Eventually you can extend this to be an infinitely scalable lvm like journaled block Device, by linearly stitching canisters together

If you are going down the sqllite path. Two things

  1. Storage sizing. If you report X as disk/canister size, the writes to disk for X bytes must always succeed

  2. Exclusive access to memory for every update. Imo ic model lends well here

And other things from here
https://www.sqlite.org/howtocorrupt.html

I am not sure why journaling plays a role here. The IC already guarantees atomicity, so data corruption isn’t an issue (with or without a SQL database). Maybe you are right with the above statement, but among many problems solved by sqlite, this is the one that we don’t have on the IC.

But the problems we are facing on the IC is:

  • Coming up with a binary storage format for your application’s data
  • That allows you to index into it (as reading all of stable data into main memory isn’t feasible)
  • Where writes are reflected in the storage at the end of each message (to avoid canister_preupgrade and it’s dangers)
  • Is stable even across library versions (and hence canister versions)
  • Schema changes are a well-understood problem.
  • Does not tie your canister to a single programming language forever.
  • Cleverly uses the (fast) main memory as a cache to the (slower) stable memory.
  • Is designed to avoid dirtying too many pages of stable memory, to keep costs down, just like a system built on a SSD disk.

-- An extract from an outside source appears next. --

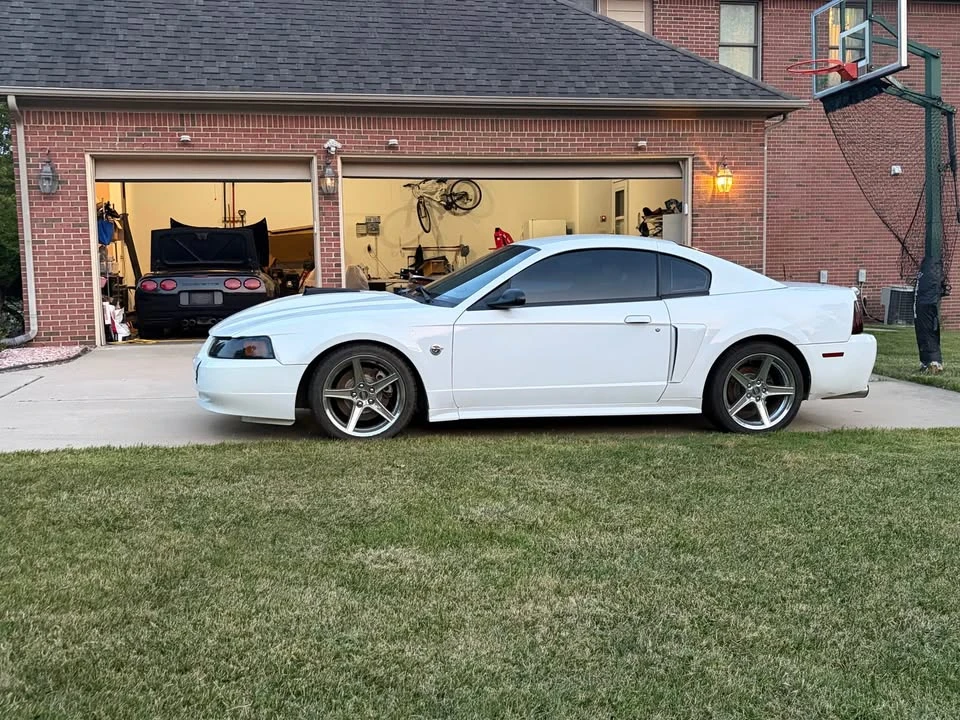 2004 Ford SN95 Mustang - Image 2 of 6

Of course it’s possible and fun to build all that manually, but why not reach for an existing solution.

There might be other block-device-backed persistence solutions out there to consider, but sqlite seems to be a go-to standard.

2 Likes

@nomeata Yes, you are right in the “intra” canister calls case atomicity is guaranteed at a call level (barring the throw). The atomicity/isolation pitfalls you described in your blog are for the multi-call transactions (inter/intra canister).
So the block journaling approach I described is not applicable in the single canister call case. It might be useful in multi-canister transactions but will additional infrastructure for isolation, (some form of cross canister locking :(.

So, back to SQLite/FS as a solution to the problems you mentioned. It’s a great idea, the insight probably is that you cannot use data structures/lib that were not intended to host persistent data (viz rust hash tables) to compose systems that store data permanently (ie IC). These in-memory data-structures/lib (viz in-memory hash) have no obligation to keep their internal layout backward compatible, (unlike FS/databases).
On that front, there are two logical solutions.

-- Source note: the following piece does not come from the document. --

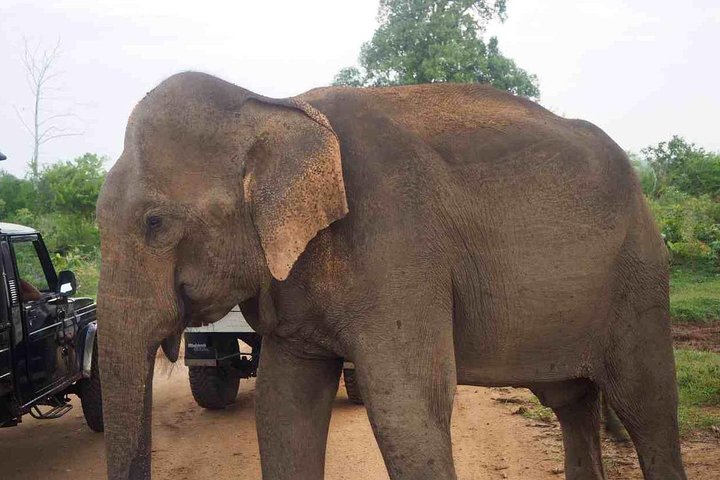 Elephant Transit Home Udawalawe with Jeep safari - All included Tour - Image 1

  1. Switch/port on-disk solution like leveldb,sqllite,initramfs,tinydb to work on IC. Canister memory then truly is dumb disk abstraction.
  2. Or version the in-memory data-structures libraries, such that incompatible code-changes don’t interpret data the wrong way.

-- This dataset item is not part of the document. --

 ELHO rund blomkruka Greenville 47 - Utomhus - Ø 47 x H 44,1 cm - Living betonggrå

Just be aware that FS/DB doesn’t magically solve the upgrade problem. Much of backward compatibility is at the cost of backing off on “features” that require incompatible data-structure changes :). Filesystems and databases are slow on innovation because they are tied to on-disk formats.

https://www.joachim-breitner.de/blog/788-How_to_audit_an_Internet_Computer_canister

After reading this, looks like building any “serious” composable solution (all persistent storage is serious business) is a non-trivial task on IC. The promise of IC is composability and to compose anything trivial it seems the developer is expected to have an in-depth understanding of the implementation of ACID.

Auditing is great, SQLLite is a great start. But I think it needs more thought on making it difficult for people to shoot themselves in the foot in the first place. In short, I believe we are presenting a raw disk abstraction to users to work with, and expecting the FS/DB details to be filled in by or careful programming/audits :slight_smile:

1 Like

I wondered someone can implement a filesystem but no one reply me.
Can stable memory used as a virtual filesystem - Developers - Internet Computer Developer Forum (dfinity.org)
I tried a little but OS develop is not such an easy project and it’is better done by dfinity offical rather than by community.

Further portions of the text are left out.